- [ASSIGNMENT]: Set down, unchanged, the line holding "an overhead view" and all lines that follow it to the end of the material, leaving pictures out.
—————
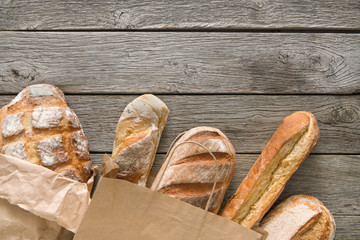 Bread bakery background. Brown and white wheat grain loaves composition on rustic wood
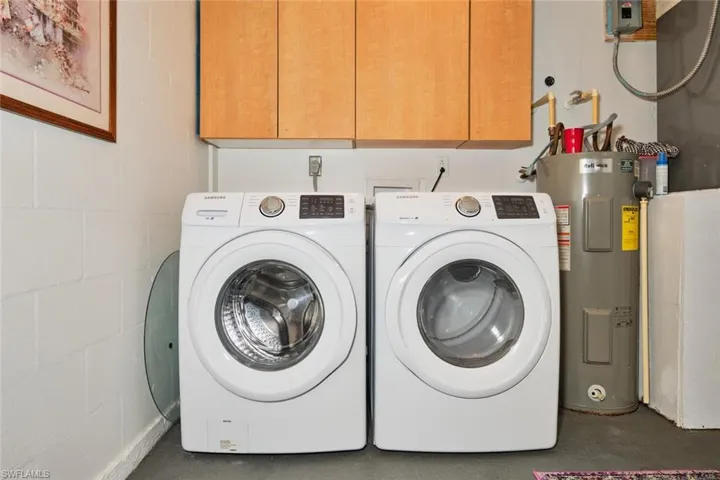 Laundry area with cabinets, separate washer and dryer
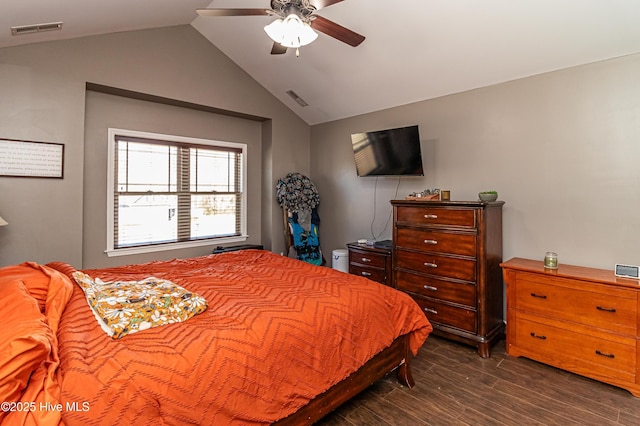 bedroom with vaulted ceiling, visible vents, dark wood-style flooring, and ceiling fan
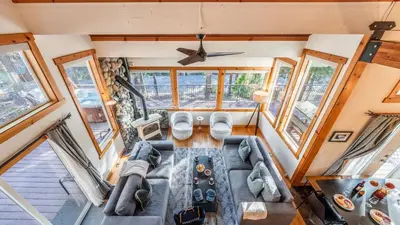 an overhead view of a living room in a tiny house at Year-Round Tahoe Escape with Hot Tub Outdoor Dining Timberline Haven by AvantStay in Tahoe Vista
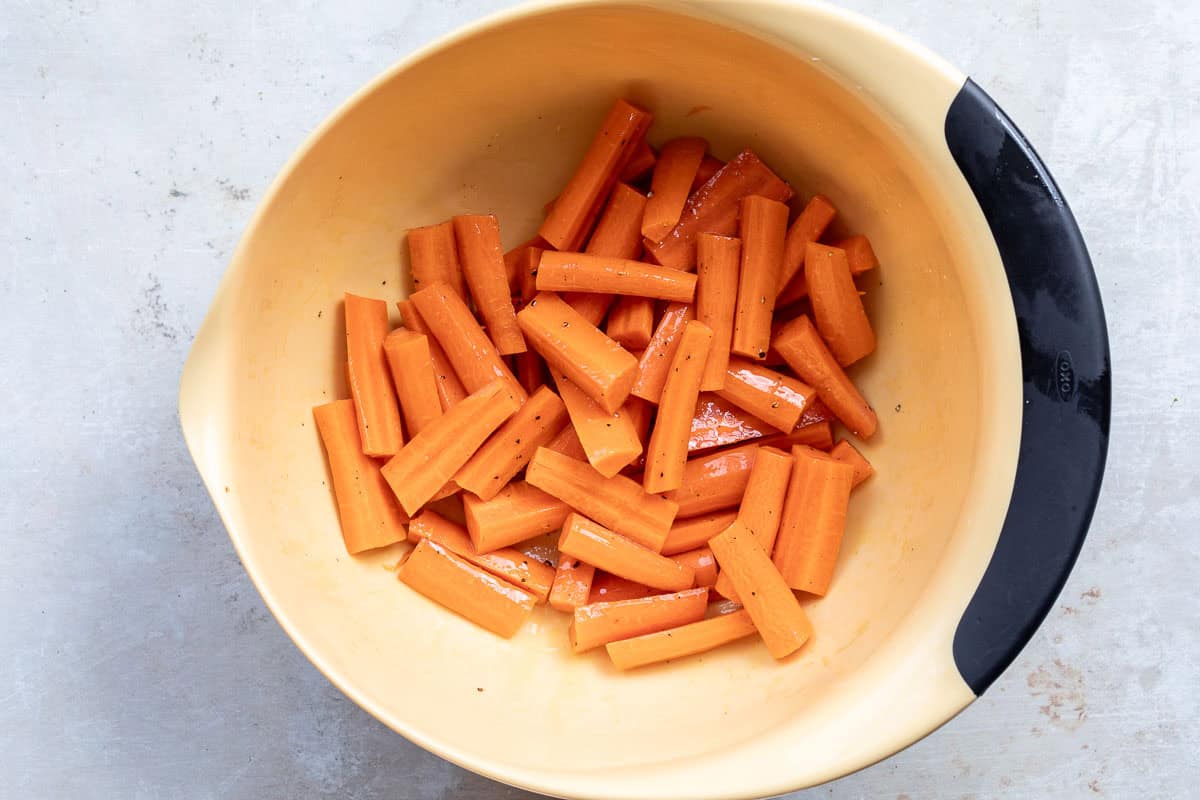 A large yellow mixing bowl filled with peeled, cut carrot sticks coated in oil and seasoning sits on a light-colored surface.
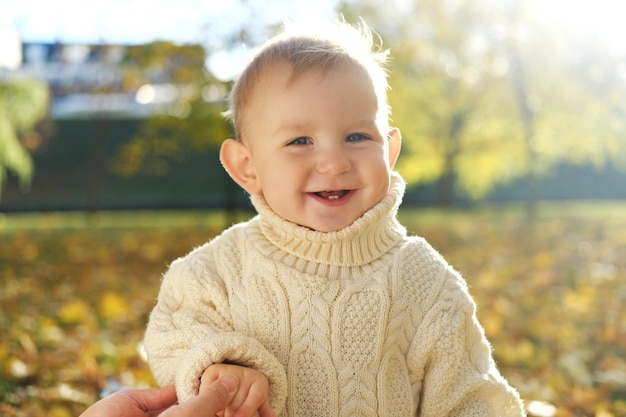 Маленький ребенок играет в осеннем парке, смотрит в камеру и смеется.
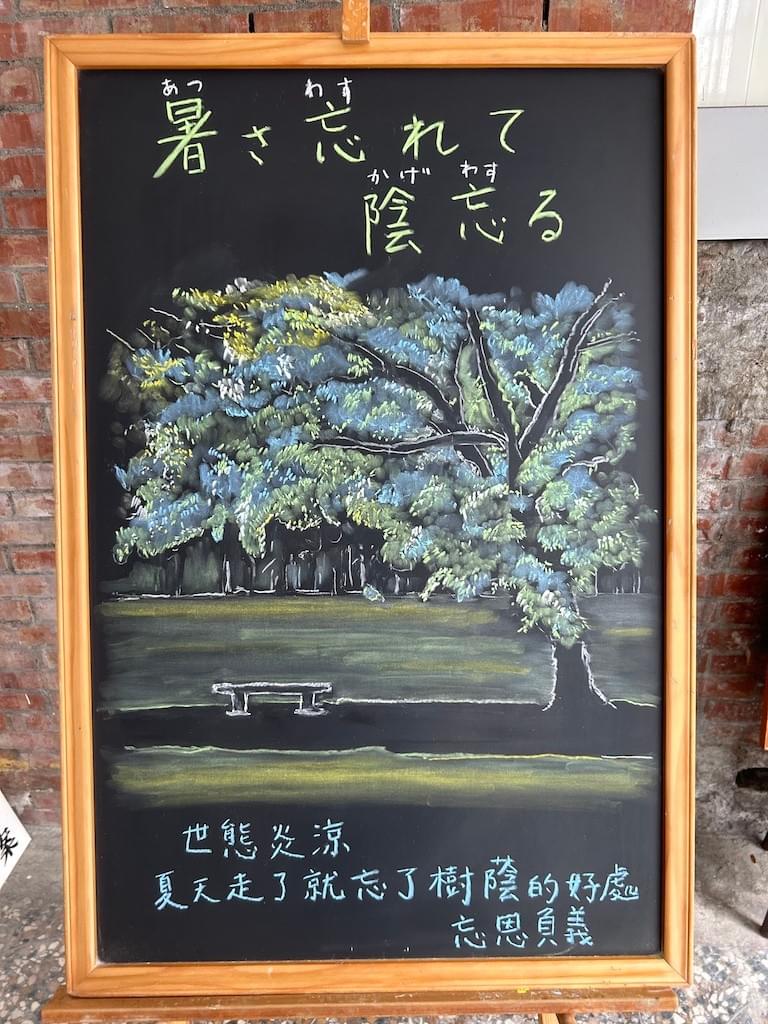 小さい黒板にチョークで絵が描いてあります。日本のことわざを紹介するための絵です。公園らしきところで、広い芝生が広がっているところ、右手前に大きな木があり、その下に木陰ができています。そこに一脚ベンチがあります。人は見えません。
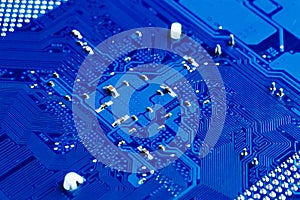 Blue circuit board background of computer motherboard,Electronic computer hardware technology.Integrated communication processor.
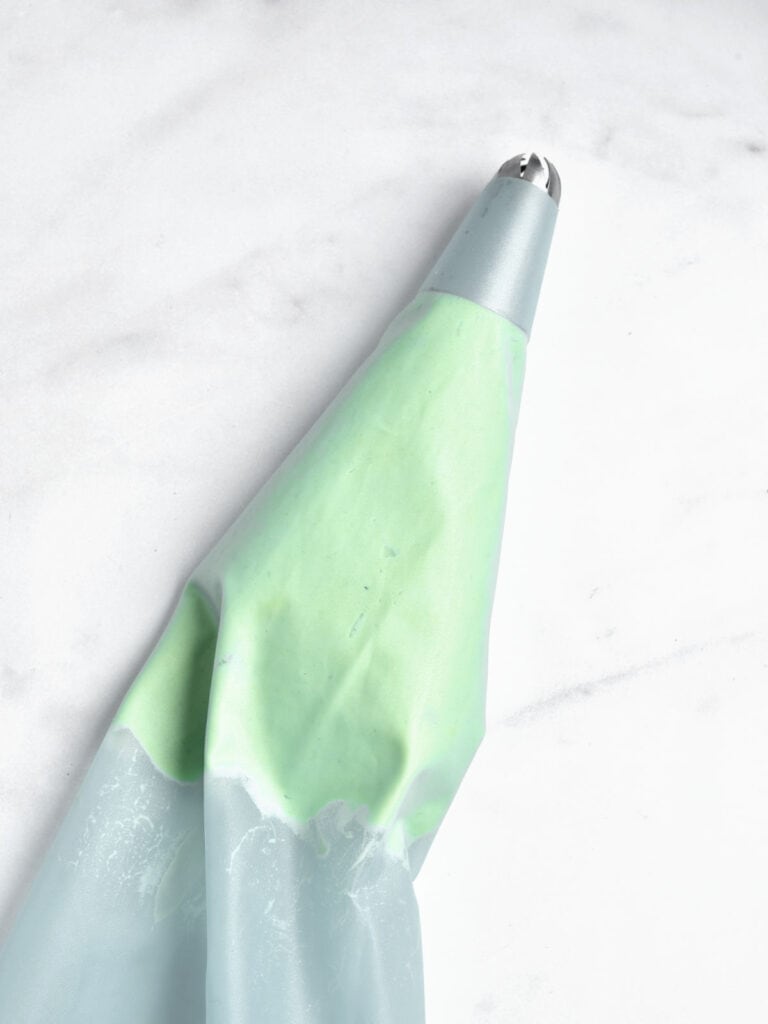 Piping bag with avocado filling on a white marbled surface.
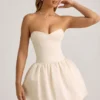 Vestido midi-longo convertible con detalle de lazo y bajo abullonado Gloriana en color marfil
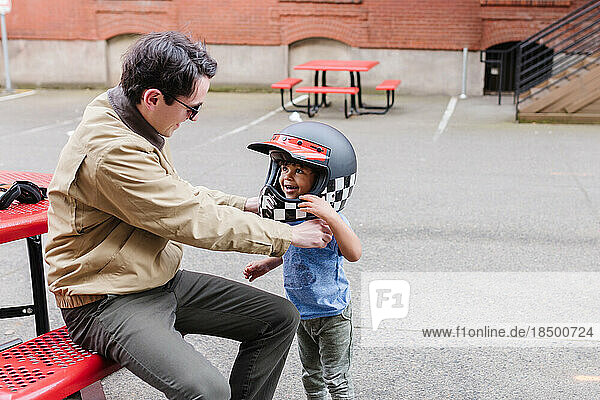 Smiling man helping toddler put motorcycle helmet on outside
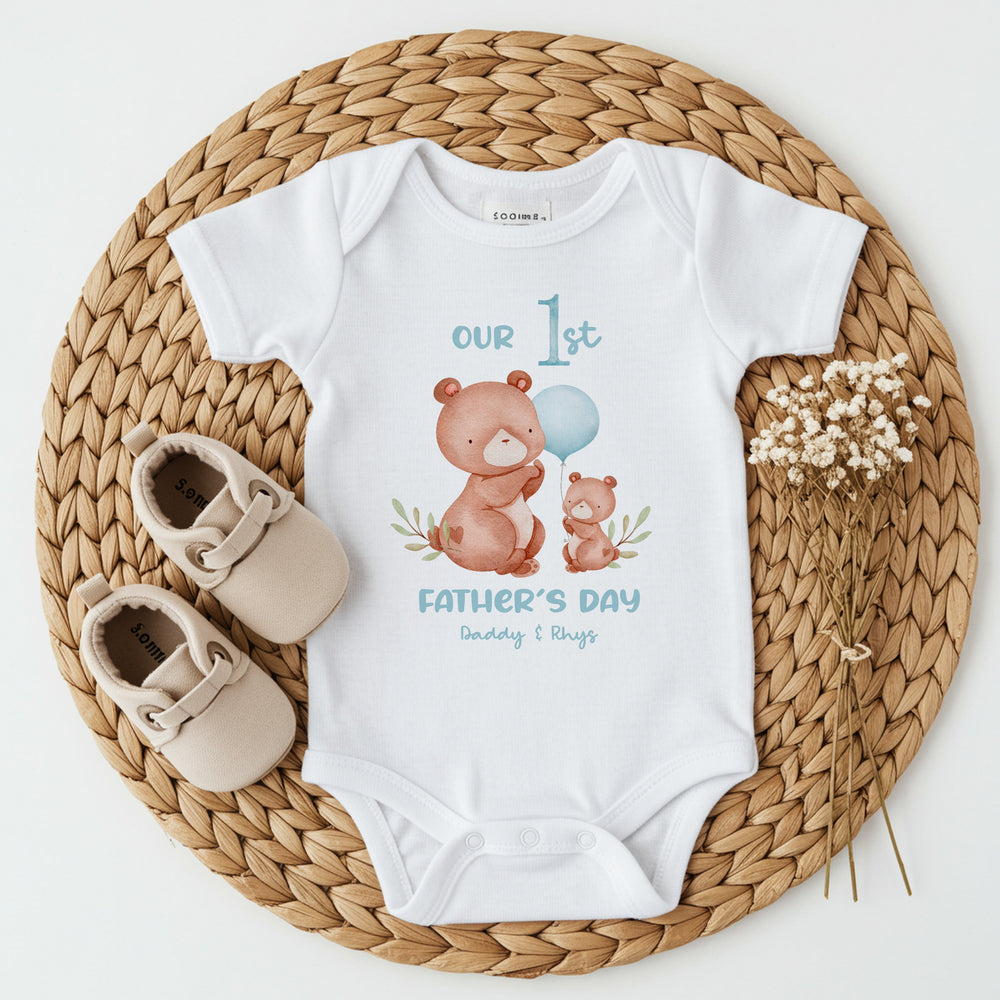 Personalised white Father's Day baby vest that says 'Our 1st Father's Day Daddy & Rhys'. This design features 2 brown bears and a blue balloon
—————
- [RESPONSE TO THE EXERCISE]:
 an overhead view of a living room in a tiny house at Year-Round Tahoe Escape with Hot Tub Outdoor Dining Timberline Haven by AvantStay in Tahoe Vista
 A large yellow mixing bowl filled with peeled, cut carrot sticks coated in oil and seasoning sits on a light-colored surface.
 Маленький ребенок играет в осеннем парке, смотрит в камеру и смеется.
 小さい黒板にチョークで絵が描いてあります。日本のことわざを紹介するための絵です。公園らしきところで、広い芝生が広がっているところ、右手前に大きな木があり、その下に木陰ができています。そこに一脚ベンチがあります。人は見えません。
 Blue circuit board background of computer motherboard,Electronic computer hardware technology.Integrated communication processor.
 Piping bag with avocado filling on a white marbled surface.
 Vestido midi-longo convertible con detalle de lazo y bajo abullonado Gloriana en color marfil
 Smiling man helping toddler put motorcycle helmet on outside
 Personalised white Father's Day baby vest that says 'Our 1st Father's Day Daddy & Rhys'. This design features 2 brown bears and a blue balloon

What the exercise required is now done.